Já quanto à visão de uma verdade essencialmente humana, inerente aos atos comezinhos e às interações sociais e políticas, tudo depende de como se absorvem as informações sobre os fatos. Em princípio, os fatos deveriam falar por si, contudo, a conclusão sempre dependerá da interpretação que nasce da verdade que cala fundo em cada um.


Nesse passo, tem-se que o indivíduo é tão mais esclarecido, tanto mais desenvolva seu próprio senso crítico, de maneira que possa distinguir informações fidedignas das que não o são. Saber não deixar-se levar por factóides. Não se deixar cegar por cortinas de fumaça.


Nas inter-relações pessoais, é inconteste que cada um dá sua própria versão dos fatos e da vida, segundo suas particulares experiências e com base na formação que tenha acumulado ao longo de sua existência. Cada indivíduo, assim, é um ser único, que vislumbra as ocorrências à sua volta e dá tratamento específico às informações e conhecimento que tenha condições de absorver.


Não é tão incomum que haja, na mídia em geral, uma verdadeira batalha de informação que mais vale-se de desinformação, porque eivada de versões parciais e tendenciosas, que omitem aspectos relevantes, maquiam pontos pouco atraentes, exageram no enaltecimento de valores intencionalmente pré-concebidos.


Da mesma forma, mesmo os registros históricos oficiais, como se sabe há muito, são somente a versão dos que venceram e, portanto, invariavelmente omitem ou distorcem as razões, os motivos e as realizações dos que foram vencidos.


Não menos temeroso é o conhecimento que se transmite através de gerações por meio da arte. Partindo da premissa que a arte imita a vida e, por conseqüência, reinventa a realidade, na medida em que a vida, também imita a arte, por certo que perpetuar visões e conceitos mal fundamentados (a despeito de eventuais boas intenções), também representa que o artista acaba sendo, igualmente, um difusor de informações e idéias cuja confiabilidade é relativa.

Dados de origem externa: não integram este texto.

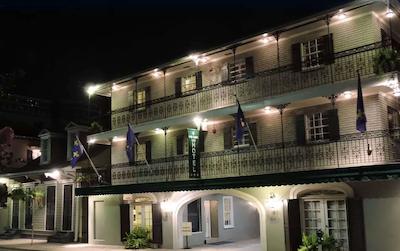 فرنچ کوارتر سویتز هتل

Em suma, toda e qualquer avaliação da realidade passa, necessariamente, pelas impressões pessoais de quem a avalia.


Cada um defende uma verdade pessoal que lhe pareça justa e que, ao mesmo tempo, lhe acuda os interesses particulares; e não aquela que se sobreponha a quaisquer interesses. Dificilmente haverá isenção tal que possa distinguir qual o valor ou princípio que deva prevalecer sobre os demais. Até porque, mesmo a isenção exacerbada nada tem a ver com justiça. Afinal, Pilatos agiu com isenção extrema e, com certeza, não foi o que se poderia chamar exatamente de justo.